Development of the legal case:
- On March 4 and 5, 2010, women from Sepur Zarco participated alongside other survivors in the “First Court of Conscience on Sexual Violence against Women During the Armed Conflict.” This mock tribunal served as a symbolic form of justice while conditions for accessing the formal legal system were not yet in place in Guatemala, and as a political action to raise awareness about sexual violence. Importantly, the event also allowed the women to break their silence about the abuses they had suffered.
- On September 30, 2011, a criminal lawsuit was presented before the justice system by two Guatemalan feminist organizations: Mujeres Transformando el Mundo and UNAMG.
- Between September 24-28, 2012, the statements of 15 Q’eqchi’ women and 5 Q’eqchi’ men were taken in an anticipated evidence hearing — a hearing conducted when there is concern that the witnesses may not live long enough to testify. While testifying throughout the week, the women covered their faces with scarves to protect their identities. Just four months after the hearings, one of the victims of the case passed away, the youngest of the group.

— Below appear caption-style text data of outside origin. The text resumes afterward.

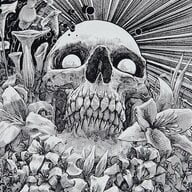 Nekro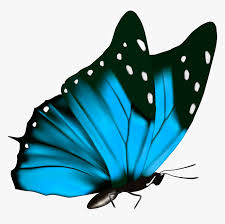 Transparent Blue Butterfly Clipart Blue Butterfly Transparent Background Hd Png Download Is Free Transparent Pn Butterfly Clip Art Clip Art Butterfly Photos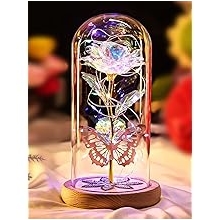 Valentines Day Rose Gifts for Her Women Mom, Galaxy Glass Rose Forever Preserved Flowers for Delivery Prime Rose in Glass Dome Valentine's Day Flowers Gift for Wife Girlfriend Daughter Anniversary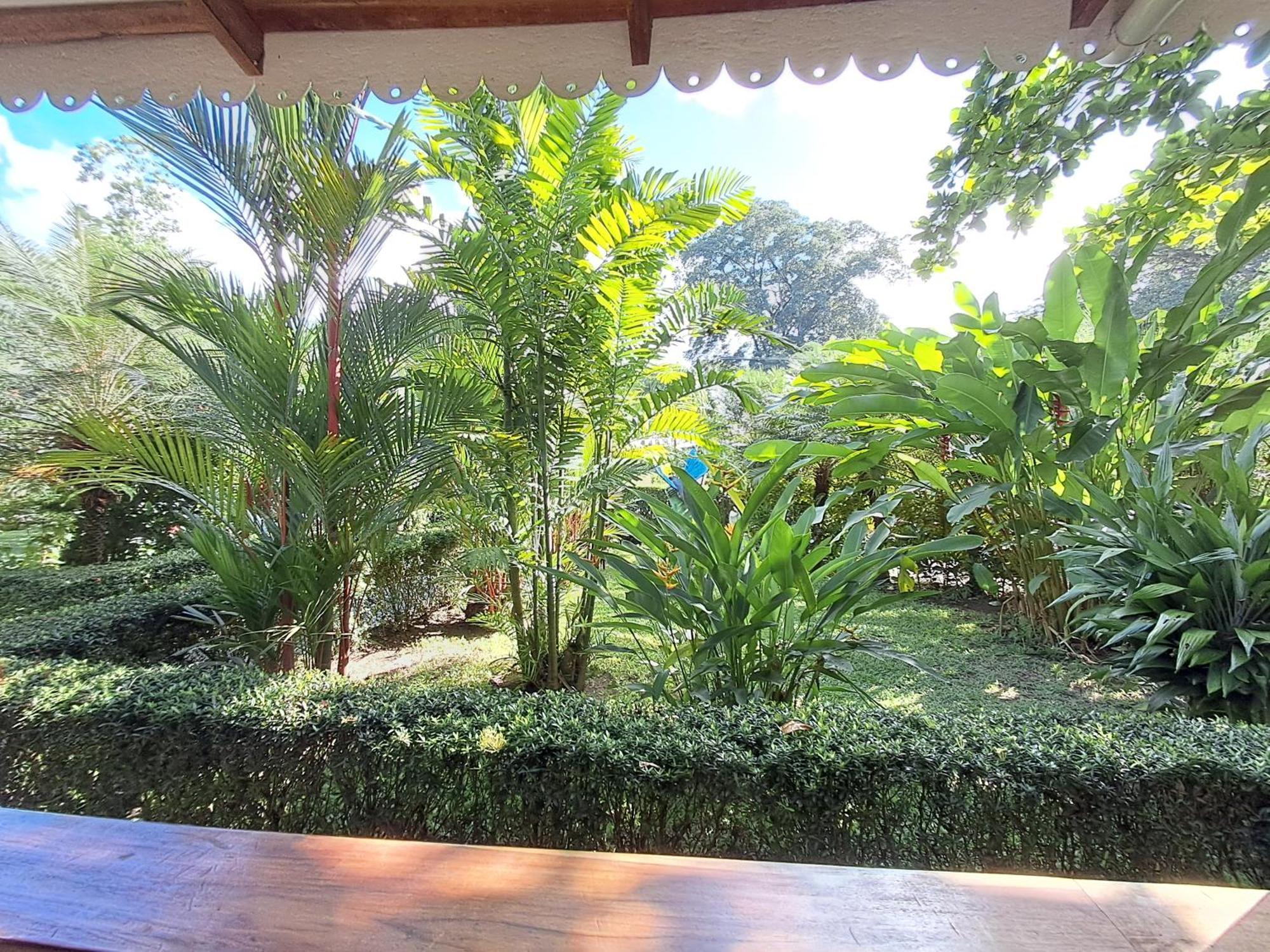 New Caribe Point Villa Cahuita Exterior foto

- On June 14, 2014, two people were arrested in connection to the case: Lt. Col. Esteelmer Reyes Girón and ex-military commissioner Heriberto Valdéz Asij. At the time, Reyes Girón was the Second Lieutenant in charge of Sepur Zarco, and is being charged with the murder of a women and her two children, and crimes against humanity in the form of sexual violence, and sexual and domestic slavery. Valdéz Asij was identified as military commissioner of Panzos and commander of the civil patrols in the area, and is being charged with the forced disappearance of 7 men as well as crimes against humanity. These arrests were made after almost three years of investigation, at which point there was enough information to charge the two men.
- On June 24, 2014, the first public hearing against Reyes Girón and Valdéz Asij was scheduled to begin; however, the hearing was then rescheduled to October 3, 2014. The case remained on hold for several months due to a challenge by the defense regarding the alleged impartiality of investigative judge Miguel Ángel Gálvez.
- A preliminary hearing scheduled for June 4, 2015 was rescheduled for June 10 because attorneys for one of the defendants, Lt. Col. Esteelmer Reyes, failed to arrive in court.
- The case will be heard in a court of law on February 1, 2016. It will be the first instance of a Guatemalan court considering wartime sexual violence and slavery as an international crime. Alongside the public prosecutors, civil parties include Mujeres Transformando el Mundo (MTM), the Unión Nacional de Mujeres Guatemaltecas (UNAMG) and victims´ association Colectiva Jalok U.